He’d then go to work for a "master" (craftsman). The pay was
established, but he could ask for more if he felt he was worth more. And he was
free to quit. Pretty normal, eh? Yes, in this society that’s quite the norm.
But 400 some years ago these men were the exceptions, not the rule. At some
point, if the journeyman was good at the trade, he’d be recognized by the
market as a "master" (craftsman) and people would be begging him to
take their children as apprentices, so they might learn from him, become
journeymen, and keep what they earned when manumitted at age 21! The oath of the
tenant ran for life. The oath of the apprentice’s father ran only for a term
of years. Still, oaths were important on both sides. In fact, the tradesmen at
one point established guilds (means "gold") as a protection against
the potential of the government attempting to bind them into servitudes by
compelled oaths.
When an apprentice became a journeyman, he was allowed a membership in the guild only by swearing a secret oath to the guild.
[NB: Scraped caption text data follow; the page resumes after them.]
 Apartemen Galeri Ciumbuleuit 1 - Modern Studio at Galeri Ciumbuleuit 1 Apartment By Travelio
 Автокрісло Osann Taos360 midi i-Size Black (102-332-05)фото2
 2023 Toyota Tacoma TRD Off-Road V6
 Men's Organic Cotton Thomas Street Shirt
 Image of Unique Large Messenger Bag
He literally swore to "serve gold." Only gold. He swore he’d only work for pay! Once so sworn, any other oath of servitude would be a perjury of that oath. He bound himself for life to never be a servant, save to the very benevolent master: gold! (Incidentally, the Order of Free and Accepted Masons is a remnant of one of these guilds. Their oath is a secret. They’d love to have you think that the "G" in the middle of their logo stands for "God." The obvious truth is that it stands for "GOLD.")
PRINTING
Then the Bible came to print. The market for this tome wasn’t the wealthy.
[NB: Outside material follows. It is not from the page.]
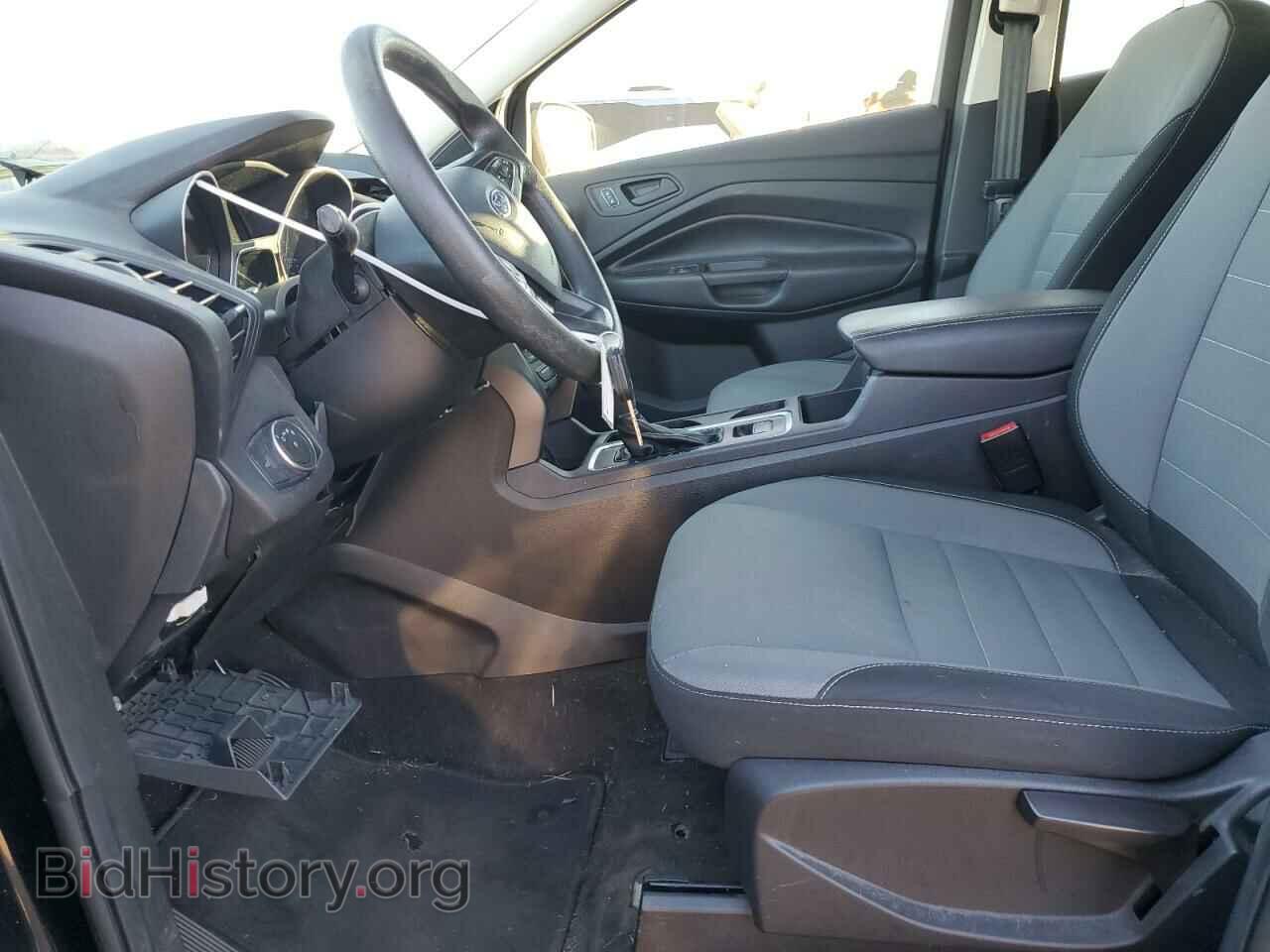2019 FORD ESCAPE - VIN: 1FMCU0F71KUC07297 - Фото 7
They already had a handwritten copy. Nor was it the tenants. They were far too
poor to make this purchase. The market was the tradesmen - and the book was
still so costly that it took the combined life savings of siblings to buy a
family Bible. The other reason that the tradesmen were the market was that they’d
also been taught how to read as part of their apprenticeship. As contractors
they had to know how to do that! Other than the families of the super-rich (and
the priests) nobody else knew how to read.
CONSPIRACY REVEALED
These men were blown away when they read Jesus’ command against swearing oaths
(Matt 5: 33-37). This was news to them. For well over a millennia they’d been
trusting that the church - originally just the Church of Rome, but now also the
Church of England - had been telling them everything they needed to know in that
book. Then they found out that Jesus said, "Swear no oaths." Talk
about an eye-opener.
Imagine seeing a conspiracy revealed that went back over 1000 years. Without oaths there’d have been no tenants, laboring for the nobility, and receiving mere subsistence in return. The whole society was premised on oaths; the whole society CLAIMED it was Christian, yet, it violated a very simple command of Christ! And the tradesmen had done it, too, by demanding sworn contracts of indenture for apprentices and giving their own oaths to the guilds. They had no way of knowing that was prohibited by Jesus! They were angry. "Livid" might be a better term. The governments had seen this coming. What could they do? Ban the book? The printing would have simply moved underground and the millennia long conspiracy would be further evidenced in that banning. They came up with a better scheme. You call it the "Reformation."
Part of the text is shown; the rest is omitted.